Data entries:
********
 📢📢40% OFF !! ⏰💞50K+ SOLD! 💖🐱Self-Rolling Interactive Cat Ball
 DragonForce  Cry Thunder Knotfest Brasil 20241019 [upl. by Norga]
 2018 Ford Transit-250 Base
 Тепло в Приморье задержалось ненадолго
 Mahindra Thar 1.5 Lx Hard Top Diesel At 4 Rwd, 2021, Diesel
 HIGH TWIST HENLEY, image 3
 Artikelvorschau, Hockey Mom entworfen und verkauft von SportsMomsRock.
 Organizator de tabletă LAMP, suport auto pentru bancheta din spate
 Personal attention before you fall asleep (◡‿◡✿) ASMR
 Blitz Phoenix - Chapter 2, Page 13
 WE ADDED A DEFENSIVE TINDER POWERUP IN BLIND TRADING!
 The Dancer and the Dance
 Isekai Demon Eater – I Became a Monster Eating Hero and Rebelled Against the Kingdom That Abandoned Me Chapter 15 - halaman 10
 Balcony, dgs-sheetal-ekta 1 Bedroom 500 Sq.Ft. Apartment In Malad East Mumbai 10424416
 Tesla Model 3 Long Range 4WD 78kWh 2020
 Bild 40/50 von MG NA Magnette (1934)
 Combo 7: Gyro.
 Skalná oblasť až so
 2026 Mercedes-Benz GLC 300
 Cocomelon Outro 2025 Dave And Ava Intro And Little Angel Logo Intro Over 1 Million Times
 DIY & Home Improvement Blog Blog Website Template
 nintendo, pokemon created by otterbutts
********
> **Task directions**
Search the records for the word "Chapter". Copy every line that has it.

> **Exercise solution**
 Blitz Phoenix - Chapter 2, Page 13
 Isekai Demon Eater – I Became a Monster Eating Hero and Rebelled Against the Kingdom That Abandoned Me Chapter 15 - halaman 10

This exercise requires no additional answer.